There are somethings in life that are worth making by hand… cookies, bread and mustard, is now on my list.

I think  it’s part of a “back to my roots” phase I’m in. Next thing you know I will be knitting.


I live in south Florida. Knitting is not a necessary skill for this domestic mama. DIY flip flops? I may have to research that.

Sometimes, I’m just tired of name brands, labels and the mass production of everything.  Some things deserve to shine in the homemade  spotlight on occasion and this time it’s lowly mustard.

But this isn’t your run-of-the-mill baseball stand bland yellow goo.  This mustard is tangy, a bit spicy and is full of complexity from the addition of fresh chopped herbs. Perfect for a hot dog, but sophisticated enough to have with homemade gravlax.

To make homemade mustard, you don’t need any special canning equipment, and the best part is that it “makes itself”. All you have to do is combine the mustard powder, seeds , wine, vinegar, and fresh herbs… add a little salt and let it hang out for a few days… stir once in a while.

(Mustard has antimicrobial properties, so it rarely “spoils”.)


Once the mustard has thickened/thinned to your liking, spoon it into sterilized jars and store them in the fridge.
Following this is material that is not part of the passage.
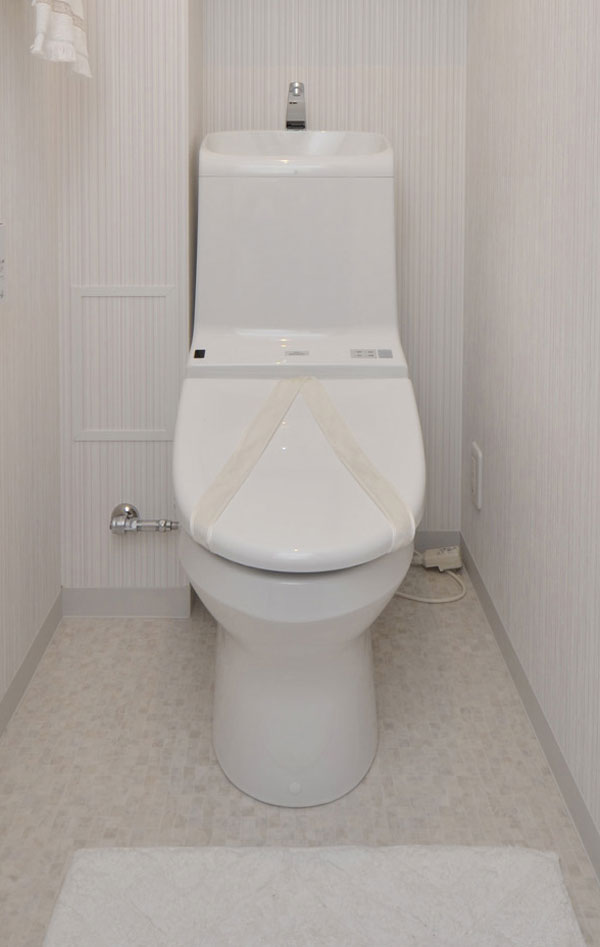 Toilet.  [toilet] Cleaning with warm water ・ Toilet deodorizing function with heating toilet seat, Dirty is an economical water-saving specifications difficult stainproofing attachment (same specifications)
Or, better yet… bring it to your next BBQ. Suddenly, those weenies on the grill with become gourmet with a slather of homemade mustard with white wine and dill… tie the jars with a little ribbon and viola – instant hostess gift.



homemade mustard

Author Michelle Keith/ The Village Cook


  • 1/4 cup dry white wine
  • 1/4 cup mustard powder
  • 1/4 cup mustard seeds
  • 1/4 cup white wine vinegar
  • 1/2 teaspoon salt
  • 1 teaspoon fresh dill


  • Combine ingredients in a bowl, cover with plastic wrap and allow to marry for three days, stirring daily.
  • Add water if a thinner mustard is desired.
  • Spoon into sterilized jars and store in the refrigerator.